> **Instructions for the task**
Transcribe the full listing exactly, and drop every picture.

> **Provided data**
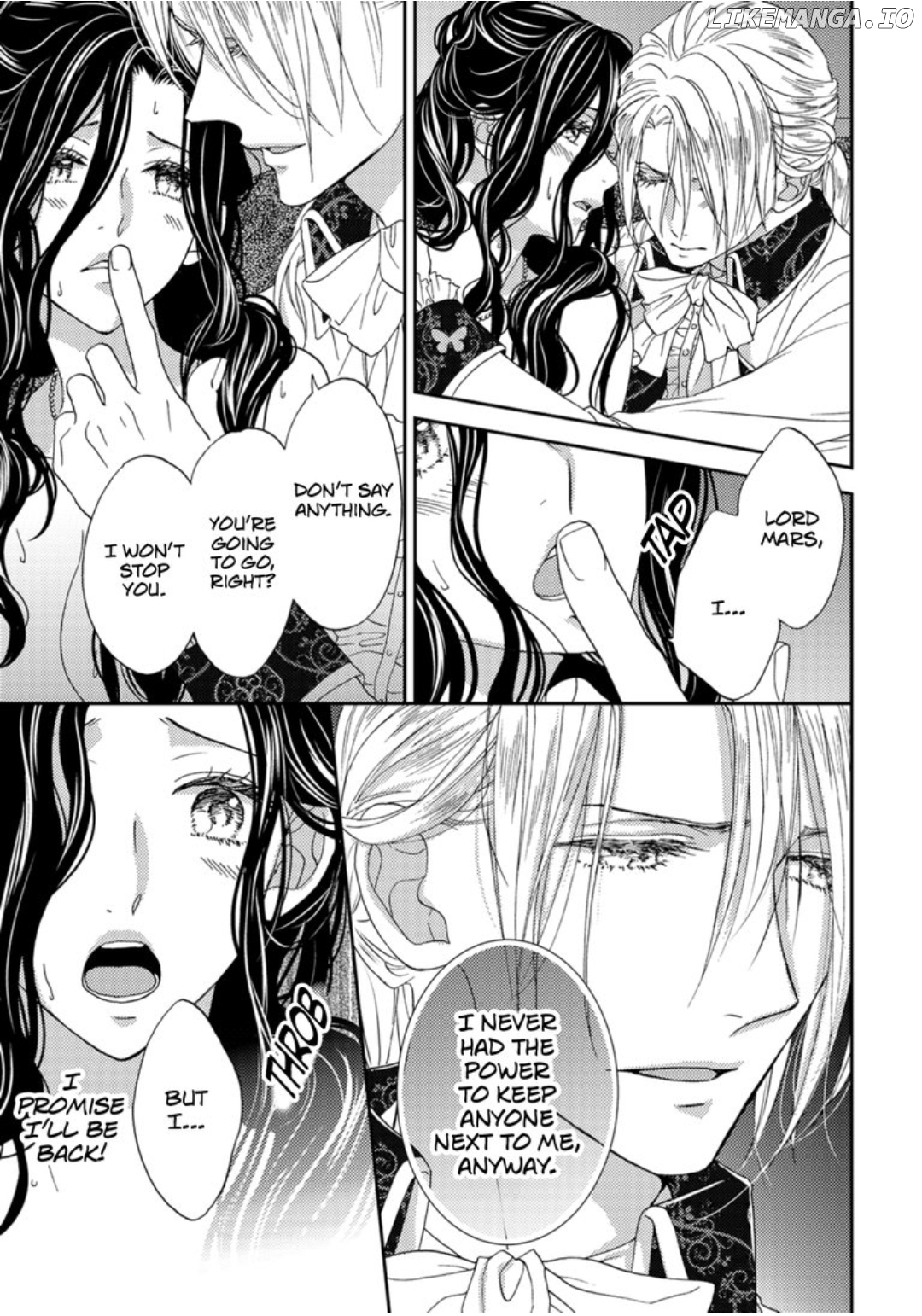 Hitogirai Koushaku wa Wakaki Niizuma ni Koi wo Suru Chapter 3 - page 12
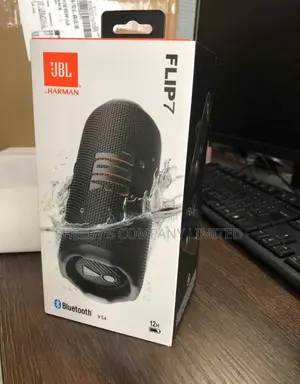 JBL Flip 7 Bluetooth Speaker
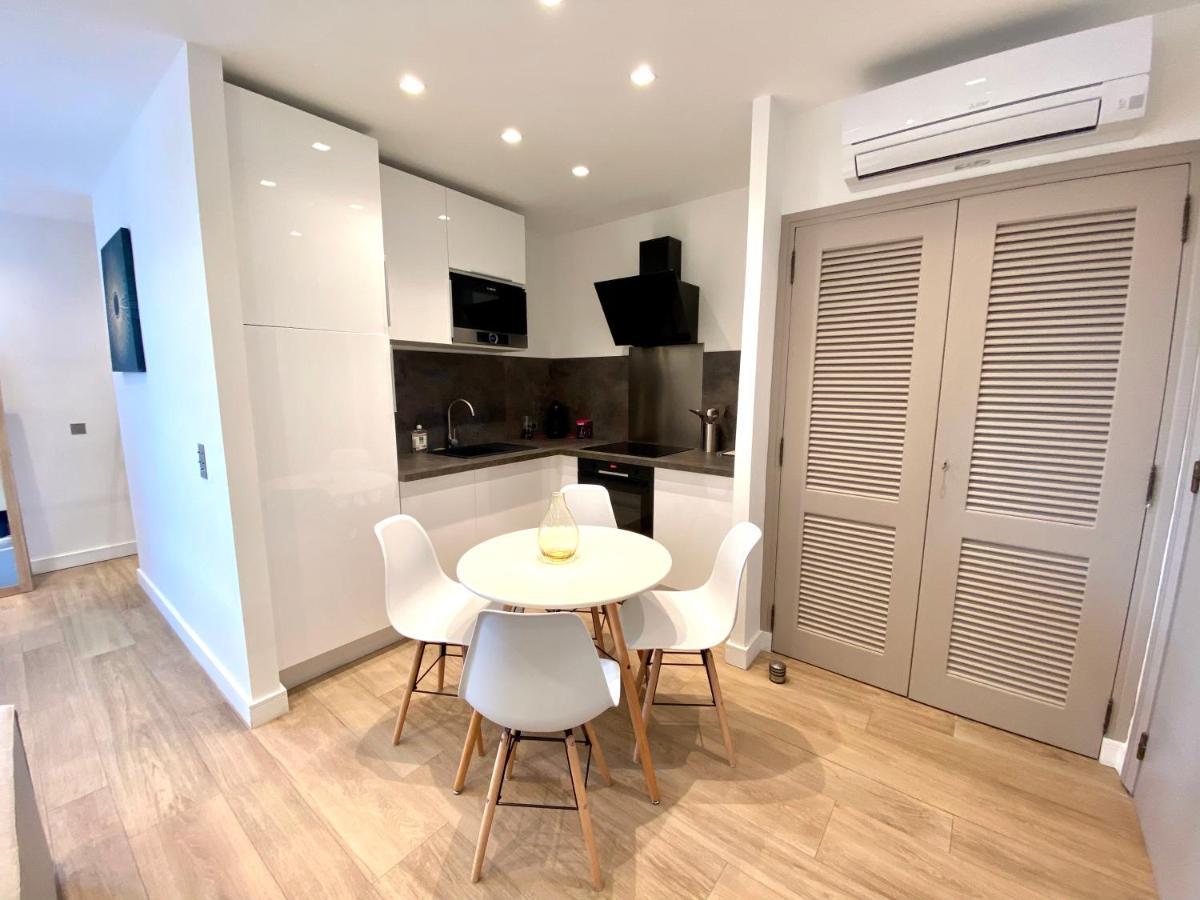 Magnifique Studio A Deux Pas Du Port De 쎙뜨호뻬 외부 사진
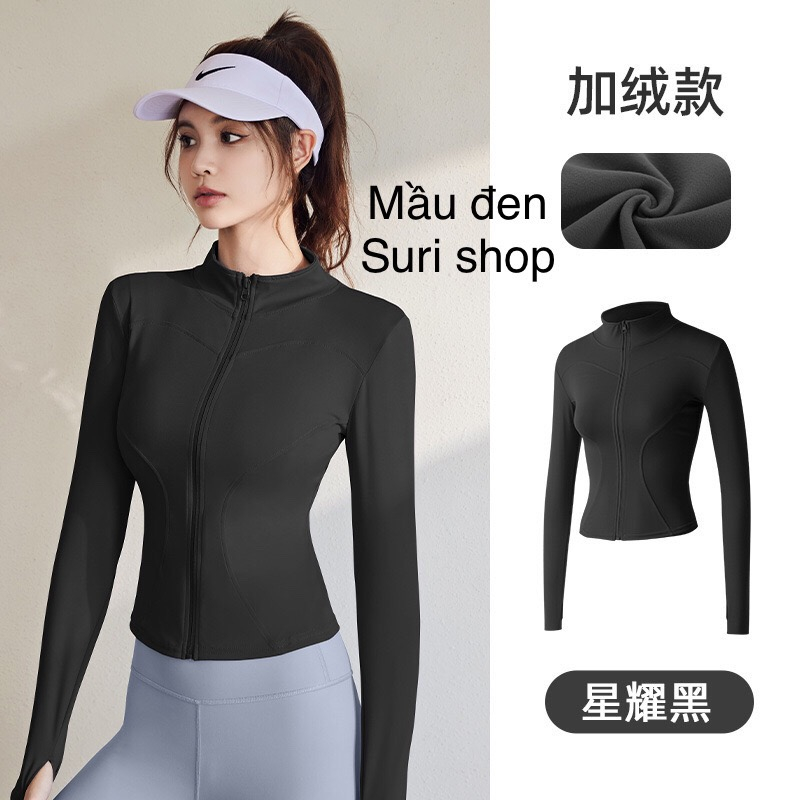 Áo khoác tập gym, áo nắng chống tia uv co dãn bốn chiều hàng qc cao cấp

> **Task answer**
 Hitogirai Koushaku wa Wakaki Niizuma ni Koi wo Suru Chapter 3 - page 12
 JBL Flip 7 Bluetooth Speaker
 Magnifique Studio A Deux Pas Du Port De 쎙뜨호뻬 외부 사진
 Áo khoác tập gym, áo nắng chống tia uv co dãn bốn chiều hàng qc cao cấp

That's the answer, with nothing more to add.